** DATA PROVIDED follows **

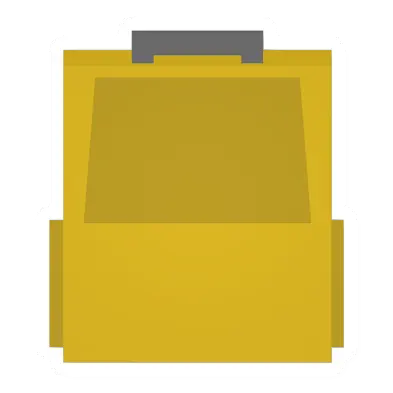 Unturned Yellow Daypack backpack icon
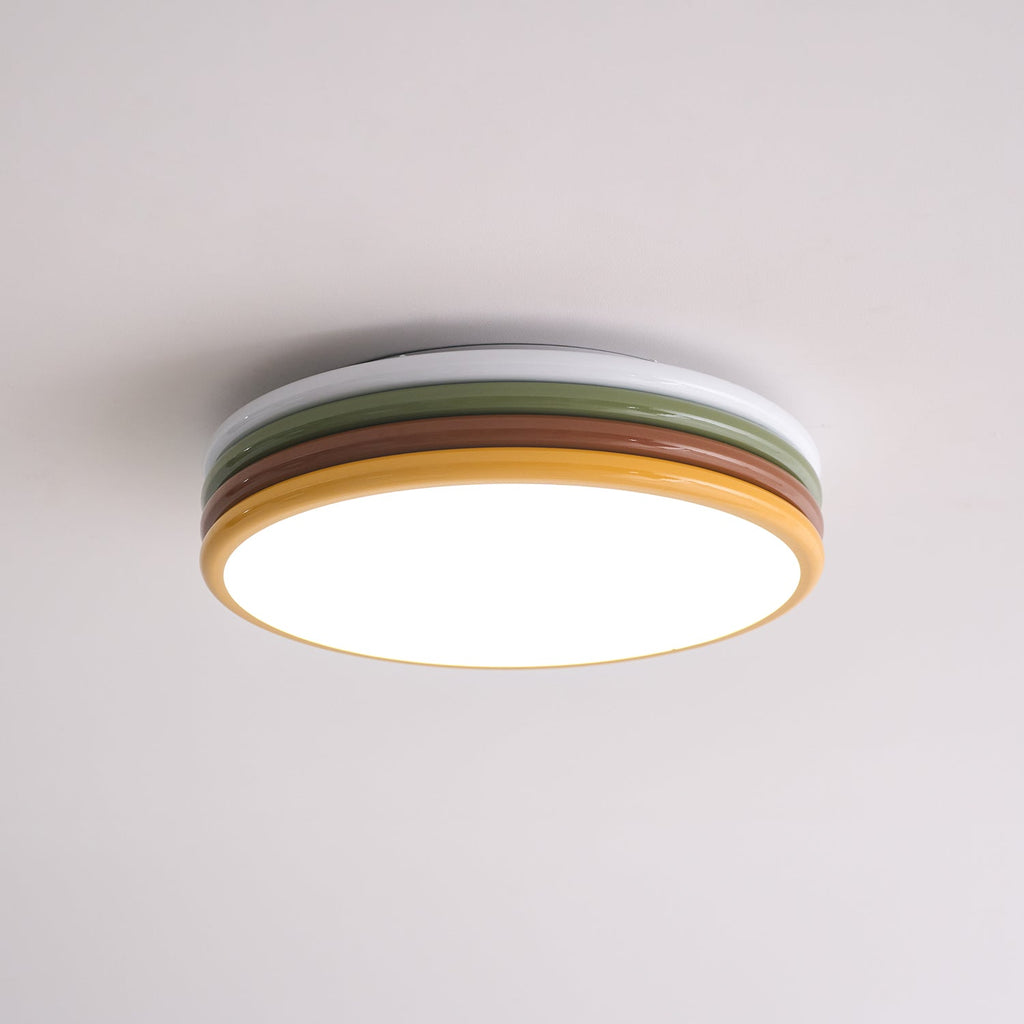 Ivrenfield Metal Ceiling Light-Moonnatur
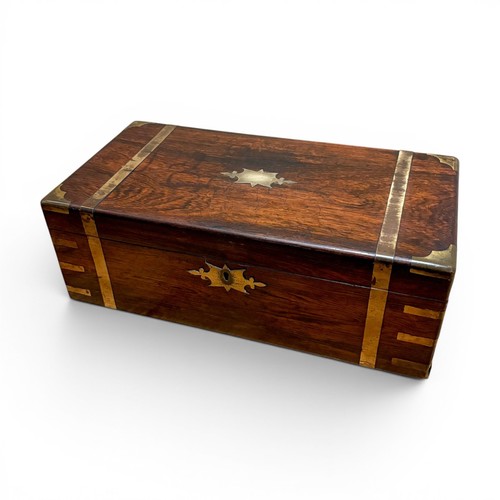 Victorian rosewood writing - victorian,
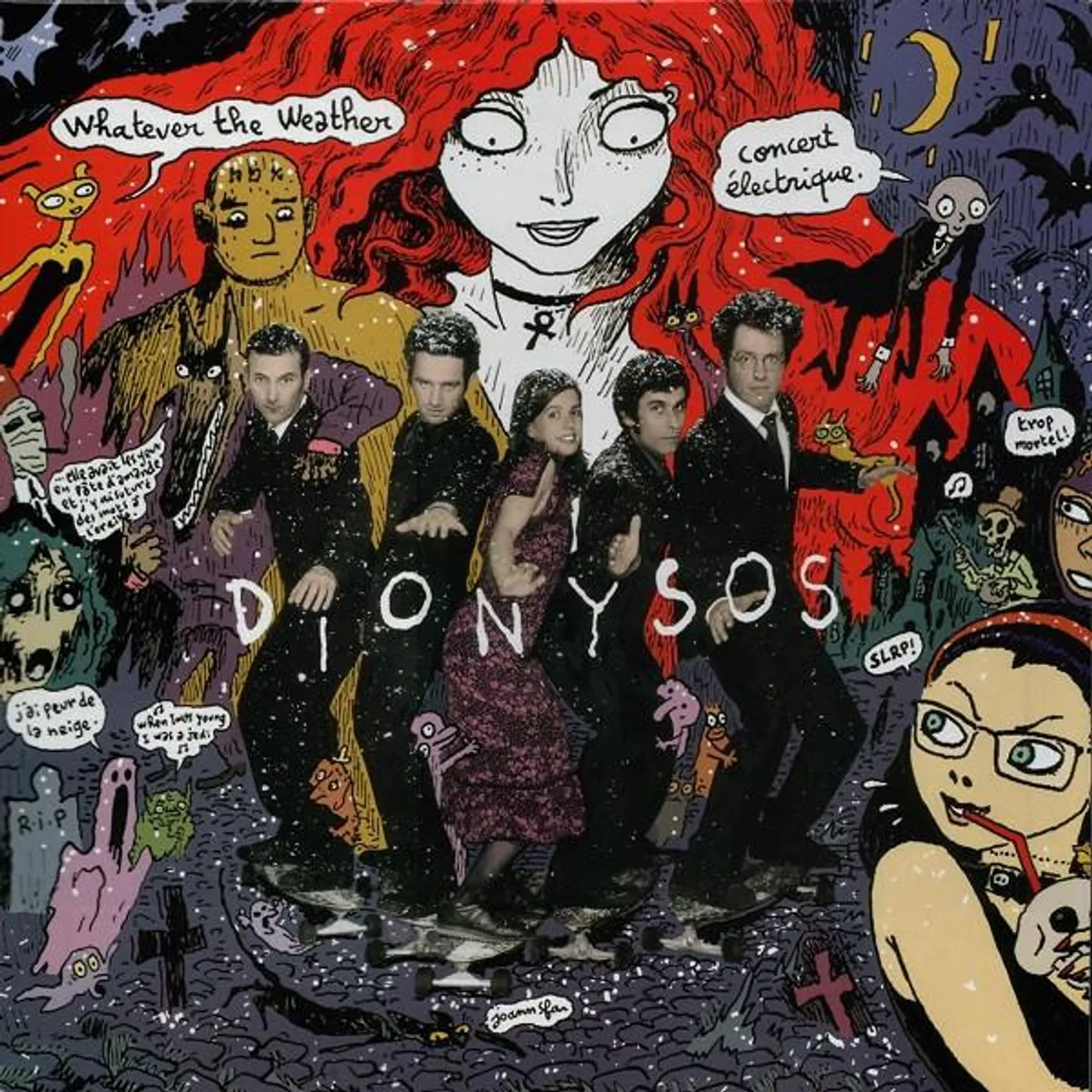 Dionysos WHATEVER THE WEATHER: LIVE ELECTRIQUE CD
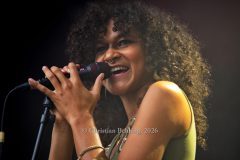 "Uche Yara" beim "DURCHLÜFTEN"-Musikfestival (09.07. - 01.08.2026), Schlüterhof im Humboldtforum, Berlin, 11.07.2026
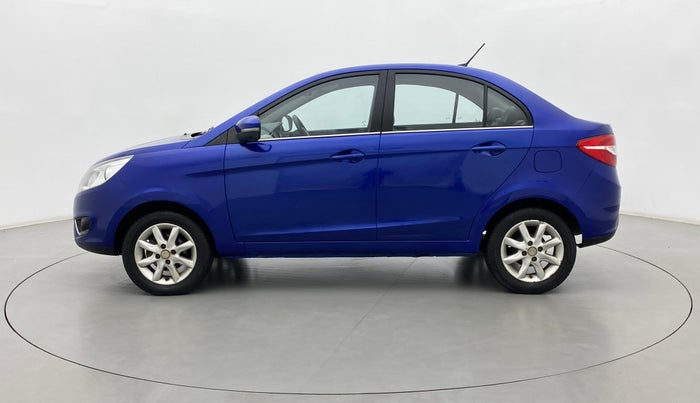 2014 Tata Zest XT RT, Petrol, Manual, 55,368 km, Left Side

** End of DATA PROVIDED **

- _TASK BRIEF_: Retype the lines from the one containing "Humboldtforum, Berlin, 11.07.2026" down to the last line of the records, both included, exactly and nothing more. Pictures stay out.

- _WRITTEN RESPONSE_:
 "Uche Yara" beim "DURCHLÜFTEN"-Musikfestival (09.07. - 01.08.2026), Schlüterhof im Humboldtforum, Berlin, 11.07.2026
 2014 Tata Zest XT RT, Petrol, Manual, 55,368 km, Left Side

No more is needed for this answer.